Le débat sur le controversé Mercosur est relancé

Le débat sur le controversé Mercosur est relancé

04/02 Après avoir posé ses conditions à une levée de véto, la France pourrait désormais se laisser séduire par l’accord commercial UE-Mercosur.

Après avoir dit non à l’accord commercial avec le Mercosur, la France pourrait désormais se laisser séduire. En posant ses conditions à une levée de veto lors d’une réunion du comité de suivi de la politique commerciale, qui s’est tenue jeudi en visioconférence, le ministre français du Commerce extérieur, Franck Riester, a rouvert un sujet que les ONG pensaient clos. Un débat particulièrement houleux reprend donc. Il va nourrir le travail déjà commencé à Bruxelles.

La Commission européenne n’entend pas renégocier l’accord commercial, âprement bataillé pendant vingt ans et présenté comme le meilleur possible. Mais elle travaille, depuis la mi-décembre, à la rédaction d’une - ou de plusieurs - annexes. Avec l’objectif d’y inclure des engagements contraignants pour les pays du Mercosur (Argentine, Brésil, Paraguay et Uruguay), suffisants pour créer les conditions politiques d’une ratification.

Réduire la déforestation
Au cœur de ce travail, il y a d’abord et surtout la question de l’environnement. Argument phare mis en avant par Emmanuel Macron pour rejeter l’accord «en l’état». Pour lever les boucliers, les pays du Mercosur, et tout particulièrement le Brésil, doivent s’engager à respecter l’Accord de Paris et notamment à réduire la déforestation. En complément, la Commission européenne doit présenter, au printemps, un nouveau règlement sur les importations de produits issus de la déforestation.

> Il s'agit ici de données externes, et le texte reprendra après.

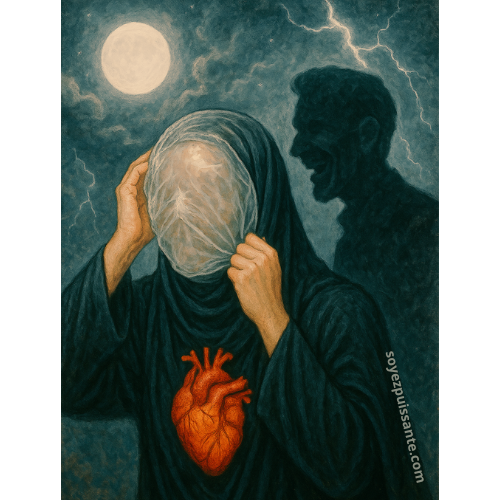 Femme musulmane voilée portant un masque pour plaire aux autres, mais qui étouffe intérieurement, cherchant la force de dire 'non' quand son cœur le crie. Derrière elle un homme se moque d'elle.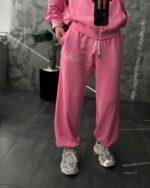 Мужской Розовый Спортивный Костюм Оверсайз на Молнии с Вышивками - Трехнитка Петля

S’ajoute la question du risque de distorsion de la concurrence pour les agriculteurs européens. La Commission reconnaît, dans une étude d’impact des accords commerciaux sur l’agriculture, que «certaines difficultés sont attendues» dans le secteur de la viande bovine, des volailles et du sucre. Tout en rappelant que des mesures de sauvegarde sont prévues dans l’accord. Quant aux craintes sanitaires, il est envisagé de renforcer les contrôles. Les inquiétudes portent aussi sur le non-respect des normes sociales (droit des travailleurs notamment) dans les pays du Mercosur.

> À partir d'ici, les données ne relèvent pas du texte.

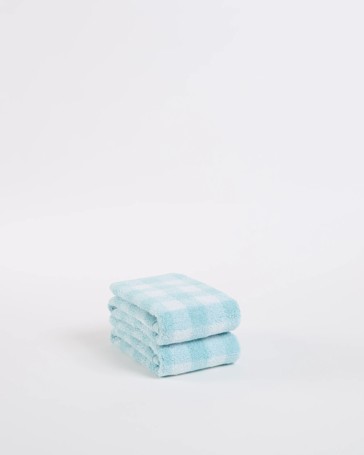 Georgie Australian Cotton Gingham 2 Pack Hand Towel - Aqua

Un revirement qui pourrait changer la donne
Une première mouture doit être présentée en février afin d’obtenir un consensus satisfaisant pour les Vingt-sept avant fin mars. L’exécutif compte sur le soutien de neuf pays qui poussent à la ratification. Aux côtés du Portugal, qui détient la présidence tournante de l’Union, se trouvent l’Espagne, l’Italie ou encore l’Estonie et la Suède. Un revirement de Paris, comme cela a été le cas sur l’accord avec la Chine sur les investissements, pourrait changer la donne au niveau européen. Seule l’Autriche, où les Verts sont dans la coalition gouvernementale, s’oppose farouchement à l’accord avec le Mercosur. En Belgique, au Luxembourg ou aux Pays-Bas, des réticences existent mais pas de veto catégorique. En Allemagne, le ton est désormais plus apaisé.

Outre les positions des capitales européennes, c’est également le vote du Parlement européen qui est en jeu puisque la majorité des groupes politiques exige des garanties.

Si les pays du Mercosur ont accepté le principe d’une déclaration commune, c’est la nature juridique de l’annexe qui fera toute la différence. «Protocole», «déclaration», «instrument»: les options sont multiples mais n’ont pas la même valeur. Une simple déclaration de principe serait inacceptable, pointe Maxime Combes, d’Attac France, qui regrette le refus de Franck Riester d’écarter cette option. «Tout protocole additionnel doit avoir le même statut légal que l’accord.»